Note: Snapshot isolation is weaker than Serializable isolation. Write skew anomalies can occur when two transactions read overlapping data and make disjoint writes based on what they read.

Write-Write Conflict Detection

Write-write conflicts are prevented through single-writer serialization:

// Only one read-write transaction can hold the write lock at a time
pub fn acquire_write_lock(&self) -> impl Drop + '_ {
    self.write_lock.lock()
}

Conflict detection at the row level:

// When attempting to modify a row, check if it was modified after our snapshot
if !self.snapshot.can_see(current_version.created_by) {
    // Another transaction modified this row after our snapshot started
    return Err(Error::WriteConflict);
}

Aborted Transaction Handling

The implementation tracks aborted transactions to ensure their changes remain invisible:

// Check visibility accounting for aborted transactions
pub fn is_row_visible(
    &self,
    snapshot: &Snapshot,
    created_by: TransactionId,
    deleted_by: Option<TransactionId>,
) -> bool {
    // If creator was aborted, row is invisible
    if self.is_aborted(created_by) { return false; }

    // If deleter was aborted, treat as not deleted
    let effective_deleted_by = match deleted_by {
        Some(del_by) if self.is_aborted(del_by) => None,
        other => other,
    };

    snapshot.is_visible(created_by, effective_deleted_by)
}

Cleanup of old aborted transaction IDs:

// Remove aborted txn IDs older than any active transaction's snapshot
tm.cleanup_aborted_txns(older_than_txn_id);

Transaction Lifecycle

1. BEGIN
   ├── Assign unique TransactionId
   ├── Create Snapshot (capture high_water_mark, in_progress set)
   └── Register in active_txns map

2. READ (can repeat)
   ├── Check current version visibility using snapshot
   ├── If not visible, walk version chain
   └── Return first visible version (or not found)

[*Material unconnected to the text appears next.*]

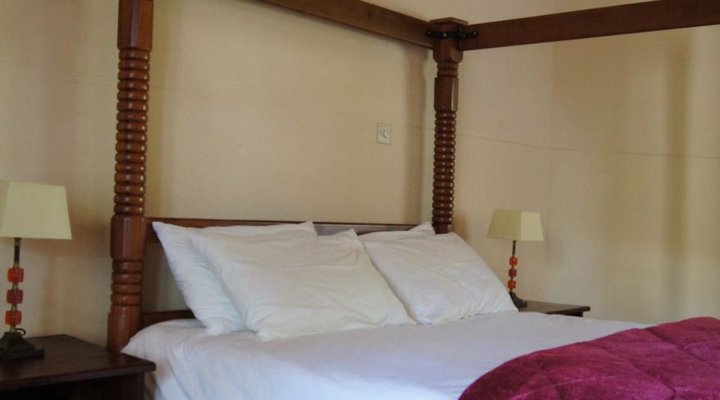 Rhodes Nyanga Hotel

3. WRITE (can repeat, ReadWrite mode only)
   ├── Acquire write lock (blocks other writers)
   ├── Check for write-write conflict
   ├── Create new version with our txn_id as created_by
   └── Move old version to version chain

4. COMMIT or ABORT
   ├── COMMIT:
   │   ├── Log to WAL (if provided)
   │   ├── Remove from active_txns
   │   └── Update oldest_active watermark
   └── ABORT:
       ├── Log to WAL (if provided)
       ├── Remove from active_txns
       ├── Add to aborted_txns set
       └── Update oldest_active watermark

5. DROP (if not committed/aborted)
   └── Auto-abort the transaction

Usage Examples

Basic Transaction Usage

use featherdb_mvcc::{TransactionManager, TransactionMode};

let tm = TransactionManager::new();

// Start a read-write transaction
let txn = tm.begin(TransactionMode::ReadWrite);
println!("Transaction ID: {:?}", txn.id());

// Check if we can write (will error for read-only transactions)
txn.check_write()?;

// Check visibility of another transaction's changes
if txn.can_see(some_txn_id) {
    // Changes from some_txn_id are visible
}

// Commit the transaction
txn.commit()?;

Read-Only Transaction

let txn = tm.begin_read_only();

// Read operations here...

// Attempting to write will fail
assert!(txn.check_write().is_err());

// Read-only transactions can commit or abort
txn.commit()?;

Snapshot Visibility Check

let snapshot = txn.snapshot();

// Check if a version is visible
if snapshot.is_visible(created_by, deleted_by) {
    // The row is visible to this transaction
}

Running Garbage Collection

// Run GC manually
let stats = tm.run_gc();
println!("GC removed {} versions, ~{} bytes freed",
         stats.versions_removed, stats.bytes_freed);

// Check version store size
println!("Remaining old versions: {}", tm.version_count());
println!("Active transactions: {}", tm.active_count());
println!("Tracked aborted transactions: {}", tm.aborted_count());

WAL Integration

use featherdb_storage::Wal;

let mut wal = Wal::open("data/wal")?;
let txn = tm.begin_read_write();

// ... perform operations ...

// Commit with WAL logging
txn.commit_with_wal(&mut wal)?;

// Or abort with WAL logging
// txn.abort_with_wal(&mut wal)?;

Savepoint/Sub-transaction Support

use std::collections::HashSet;

// Create a snapshot with visible ancestors (for sub-transactions)
let mut ancestors = HashSet::new();
ancestors.insert(parent_txn_id);

let snapshot = Snapshot::with_ancestors(
    child_txn_id,
    high_water_mark,
    in_progress,
    ancestors,
);

// The child snapshot can now see the parent's uncommitted changes
assert!(snapshot.can_see(parent_txn_id));

Concurrency Guarantees

Operation Behavior
Read-Read No blocking - concurrent reads always allowed
Read-Write No blocking - readers see their snapshot
Write-Read No blocking - writer's uncommitted changes invisible to readers
Write-Write Serialized - single writer lock prevents concurrent writes

Configuration Options

Currently, the MVCC layer uses sensible defaults. Configurable options include:

Option Default Description
Initial TxnID 1 Starting transaction ID
Write Lock Mutex Single-writer enforcement
Version Store In-memory HashMap Storage for old versions

Performance Considerations

  1. Version Chain Length: Long chains slow down reads as they require traversal. Run GC regularly to keep chains short.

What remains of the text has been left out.